EinsteinPy is an open source pure Python package dedicated to problems arising in General Relativity and gravitational physics, such as geodesics plotting for Schwarzschild, Kerr and Kerr Newman space-time model, calculation of Schwarzschild radius, calculation of Event Horizon and Ergosphere for Kerr space-time. Symbolic Manipulations of various tensors like Metric, Riemann, Ricci, Ricci Scalar, Weyl, Schouten, Stress-Energy-Momentum, Einstein and Christoffel Symbols is also possible using the library. EinsteinPy also features Hypersurface Embedding of Schwarzschild space-time, which will soon lead to modelling of Gravitational Lensing! It is released under the MIT license.
Complete documentation, including a user guide and an API reference, can be read on the wonderful Read the Docs.
In the examples directory, you can find several Jupyter notebooks with specific applications of einsteinpy. You can consider theses Jupyter Notebooks as tutorials for einsteinpy. You can launch a cloud Jupyter server using binder to edit the notebooks without installing anything.

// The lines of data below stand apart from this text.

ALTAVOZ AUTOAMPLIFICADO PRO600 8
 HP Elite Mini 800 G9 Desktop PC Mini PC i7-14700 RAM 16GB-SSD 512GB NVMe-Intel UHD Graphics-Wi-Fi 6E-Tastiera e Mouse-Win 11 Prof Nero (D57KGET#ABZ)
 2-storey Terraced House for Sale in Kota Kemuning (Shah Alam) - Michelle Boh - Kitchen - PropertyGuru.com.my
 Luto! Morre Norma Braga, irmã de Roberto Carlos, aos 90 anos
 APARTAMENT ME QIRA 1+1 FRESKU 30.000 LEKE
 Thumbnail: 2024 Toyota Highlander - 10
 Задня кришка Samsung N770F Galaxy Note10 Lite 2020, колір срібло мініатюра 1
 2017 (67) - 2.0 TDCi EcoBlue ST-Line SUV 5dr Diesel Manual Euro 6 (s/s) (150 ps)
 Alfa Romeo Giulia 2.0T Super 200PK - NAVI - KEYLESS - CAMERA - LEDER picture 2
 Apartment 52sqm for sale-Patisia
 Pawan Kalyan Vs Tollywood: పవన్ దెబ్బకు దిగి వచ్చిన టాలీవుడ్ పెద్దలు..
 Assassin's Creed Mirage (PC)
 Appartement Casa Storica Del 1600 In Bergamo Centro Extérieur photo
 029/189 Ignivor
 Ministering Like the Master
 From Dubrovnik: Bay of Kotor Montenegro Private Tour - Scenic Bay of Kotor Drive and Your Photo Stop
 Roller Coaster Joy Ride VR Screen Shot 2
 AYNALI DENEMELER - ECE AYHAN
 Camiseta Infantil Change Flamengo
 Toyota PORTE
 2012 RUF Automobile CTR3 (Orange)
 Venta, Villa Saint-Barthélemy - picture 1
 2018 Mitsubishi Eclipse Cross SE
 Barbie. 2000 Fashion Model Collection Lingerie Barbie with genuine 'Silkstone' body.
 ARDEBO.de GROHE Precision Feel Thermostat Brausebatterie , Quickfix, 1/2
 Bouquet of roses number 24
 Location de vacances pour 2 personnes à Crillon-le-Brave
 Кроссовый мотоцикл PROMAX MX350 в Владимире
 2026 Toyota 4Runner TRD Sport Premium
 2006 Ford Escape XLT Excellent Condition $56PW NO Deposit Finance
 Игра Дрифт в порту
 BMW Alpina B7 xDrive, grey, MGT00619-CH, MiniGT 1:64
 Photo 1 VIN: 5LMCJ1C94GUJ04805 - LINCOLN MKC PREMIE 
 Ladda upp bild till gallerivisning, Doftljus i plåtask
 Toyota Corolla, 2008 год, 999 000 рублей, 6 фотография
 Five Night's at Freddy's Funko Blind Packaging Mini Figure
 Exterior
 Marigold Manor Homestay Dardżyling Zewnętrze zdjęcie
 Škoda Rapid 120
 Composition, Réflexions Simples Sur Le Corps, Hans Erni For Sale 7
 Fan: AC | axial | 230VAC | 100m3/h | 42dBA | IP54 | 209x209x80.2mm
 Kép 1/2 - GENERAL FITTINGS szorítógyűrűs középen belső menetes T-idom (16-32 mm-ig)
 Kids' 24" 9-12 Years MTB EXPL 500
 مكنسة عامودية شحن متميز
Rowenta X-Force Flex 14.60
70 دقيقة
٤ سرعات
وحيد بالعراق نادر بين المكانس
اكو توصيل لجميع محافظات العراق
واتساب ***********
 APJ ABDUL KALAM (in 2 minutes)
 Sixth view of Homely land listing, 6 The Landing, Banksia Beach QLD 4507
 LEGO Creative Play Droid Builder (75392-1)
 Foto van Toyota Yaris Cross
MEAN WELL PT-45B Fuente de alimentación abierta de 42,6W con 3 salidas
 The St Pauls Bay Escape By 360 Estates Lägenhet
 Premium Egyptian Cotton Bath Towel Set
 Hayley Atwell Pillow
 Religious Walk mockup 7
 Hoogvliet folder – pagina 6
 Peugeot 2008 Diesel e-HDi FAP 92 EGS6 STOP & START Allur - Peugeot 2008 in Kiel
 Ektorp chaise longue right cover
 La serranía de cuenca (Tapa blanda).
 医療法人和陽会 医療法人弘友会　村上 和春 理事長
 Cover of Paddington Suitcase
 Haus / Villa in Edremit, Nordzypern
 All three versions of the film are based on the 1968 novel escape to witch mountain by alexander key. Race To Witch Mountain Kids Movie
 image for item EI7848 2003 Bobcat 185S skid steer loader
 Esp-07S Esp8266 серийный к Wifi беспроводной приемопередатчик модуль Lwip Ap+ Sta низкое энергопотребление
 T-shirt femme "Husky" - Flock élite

Try it out!
EinsteinPy requires the following Python packages:
- NumPy, for basic numerical routines
- Astropy, for physical units and time handling
- Matplotlib, for static geodesics plotting and visualizations.
- Plotly, for interactive geodesics plotting and visualizations.
- SciPy, for solving ordinary differential equations.
- SymPy, for symbolic calculations related to GR.
- Numba, for accelerating the code
EinsteinPy is usually tested on Linux, Windows and OS X on Python 3.5, 3.6, 3.7 and 3.8 against latest NumPy.
|OS X||Github Actions|
The easiest and fastest way to get the package up and running is to install EinsteinPy using conda:
$ conda install einsteinpy --channel conda-forge
Or you can simply install it from PyPI:
$ pip install einsteinpy
Or for Debian/Ubuntu/Mint users, the package is installable (Ubuntu 19.04 onwards) from apt:
$ sudo apt install python3-einsteinpy
Please note that the package version in Debian Repositories might not be the latest. But it will be definitely the most stable version of EinsteinPy available till date.
Please check out the guide for alternative installation methods.
If installed correctly, the tests can be run using pytest:
$ python -c "import einsteinpy.testing; einsteinpy.testing.test()" ============================= test session starts ============================== platform linux -- Python 3.7.1, pytest-4.3.1, py-1.8.0, pluggy-0.9.0 rootdir: /home/shreyas/Local Forks/einsteinpy, inifile: setup.cfg plugins: remotedata-0.3.1, openfiles-0.3.1, doctestplus-0.3.0, cov-2.5.1, arraydiff-0.3 collected 56 items [...] ==================== 56 passed, 1 warnings in 28.19 seconds ==================== $
If the installation fails or you find something that doesn't work as expected, please open an issue in the issue tracker.
EinsteinPy is a community project, hence all contributions are more than welcome! For more information, head to CONTRIBUTING.rst.
Developers Documentation can be found here.
Release announcements and general discussion take place on our mailing list. Feel free to join!
If you still have a doubt, write a mail directly to email@example.com.
If you use EinsteinPy on your project, please drop us a line.
You can also use the DOI to cite it in your publications. This is the latest one:
And this is an example citation format:
Shreyas Bapat et al.. (2019). EinsteinPy: einsteinpy 0.1.0. Zenodo. 10.5281/zenodo.2582388
EinsteinPy is released under the MIT license, hence allowing commercial use of the library. Please refer to COPYING.
EinsteinPy comes from the name of the famous physicist, Nobel laureate, revolutionary person, Prof. Albert Einstein. This is a small tribute from our part for the amazing work he did for the humanity!
Can I do <insert nerdy thing> with EinsteinPy?
EinsteinPy is focused on general relativity. One can always discuss probable features on the mailing list and try to implement it. We welcome every contribution and will be happy to include it in EinsteinPy.
What's the future of the project?
EinsteinPy is actively maintained and we hope to receive an influx of new contributors. The best way to get an idea of the roadmap is to see the Milestones of the project.
The whole documentation and code structure is shamelessly inspired by poliastro . We really thank the poliastro developers to make this possible. EinsteinPy is nothing without it's supporters.